ICDS was meant to counter malnutrition in children between 0
and 6 years and pregnant women. Government allocation, including states’ share,
increased from over Rs 5,200 crore in 2007-08 to Rs 13,700 crore in 2013-14 and
the number of anganwadi centres (AWCs) has increased from 10.1 lakh to 13.1
lakh in 2012-13.
Though almost 90% anganwadis are operational, the ICDS
scheme reaches about 47% of eligible children, reported a CAG audit. Coverage
in states varies from about 75% in Odisha to 18% in Bihar. Most AWCs lack
infrastructure. In 2011-12, only 57% had drinking water on the premises, 47%
had toilets and only 25% had a kitchen.
ICDS is meant to provide supplementary nutrition 300 days a
year, or 25 days a month. But the number of days the programme worked ranged
from 180-250, a CAG audit found. The audit revealed irregularities such as
insufficient monitoring, suspected misappropriation of supplies, badly-trained
anganwadi workers and shortfall in expenditure on supplementary nutrition,
which meant lower per beneficiary expenditure. For a flagship programme that
addresses a “national shame” the ICDS programme leaves much to be desired.

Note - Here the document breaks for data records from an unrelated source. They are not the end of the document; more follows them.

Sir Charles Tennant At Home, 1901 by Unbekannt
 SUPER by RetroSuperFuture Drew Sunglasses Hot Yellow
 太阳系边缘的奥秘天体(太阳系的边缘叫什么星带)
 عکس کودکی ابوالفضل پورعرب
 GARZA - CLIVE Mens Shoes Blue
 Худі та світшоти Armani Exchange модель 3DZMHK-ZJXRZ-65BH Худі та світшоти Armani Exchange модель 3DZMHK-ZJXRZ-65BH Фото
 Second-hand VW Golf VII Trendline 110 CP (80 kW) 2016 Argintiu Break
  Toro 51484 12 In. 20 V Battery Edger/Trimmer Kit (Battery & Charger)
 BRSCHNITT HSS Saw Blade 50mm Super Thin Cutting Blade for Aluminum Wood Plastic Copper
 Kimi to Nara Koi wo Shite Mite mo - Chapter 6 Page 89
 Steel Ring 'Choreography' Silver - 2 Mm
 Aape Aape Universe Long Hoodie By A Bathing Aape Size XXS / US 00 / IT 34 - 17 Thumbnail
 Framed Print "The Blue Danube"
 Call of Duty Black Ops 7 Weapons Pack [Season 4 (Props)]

Allocation for the midday meal scheme is up from Rs 6,700 cr
to over Rs 10,300 cr between 2007-08 and 2011-12. But many states aren’t
meeting yearly targets of number of meals served. The scheme’s plagued by
reports of children falling ill from eating poor quality or spoiled food. Many
states are yet to achieve standards set to run it: constructing a kitchen shed,
timely lifting of grains, proper food storage. Women employed as midday meal
cooks remain underpaid.
While proportion of malnourished children has fallen since
2005-06, not only has the decline been slow, from 46% malnourished to about 33%
by 2013, it’s been uneven with a few states and districts getting worse. But
with poor tracking of the schemes’ implementation, or of the population’s
nutritional status, no one seems sure if the situation has become any better or
worse. And that’s the national shame.
HUNGER POLITICS | Aug 2012 | Modi quoted in interview
blaming malnutrition in Gujarat on its “by and large vegetarian diet”. Because
it’s a middle-class state, Gujarat is “more beauty conscious than health
conscious”Media reports laid bare the bluff: His contentions didn’t
square with data whichever way it was spliced. Haryana, even more vegetarian
than Gujarat, has better nutritional figuresNSSO data (2009-2010) showed poverty behind state’s poor
nutritional indices.
SERVED DEATH | Scams plague the mid-day meal scheme. Last
July 27 village children died in Bihar’s Chapra after having the meal. Nitish
Kumar cried conspiracy – that they were poisoned. Fact was, there was no
monitoring, and the principal ran a racket, serving kids substandard fare.
Rema Nagarajan
15th April, 2014
In January 2012, PM Manmohan Singh declared half of India’s
children were malnourished and that was a national shame. Yet since then, not a
single comprehensive national survey was conducted to determine the acuteness
of the problem or measure progress, if any, of steps initiated to address
malnutrition. Worse, the issue figures in a token manner in the election
discourse of political parties and candidates.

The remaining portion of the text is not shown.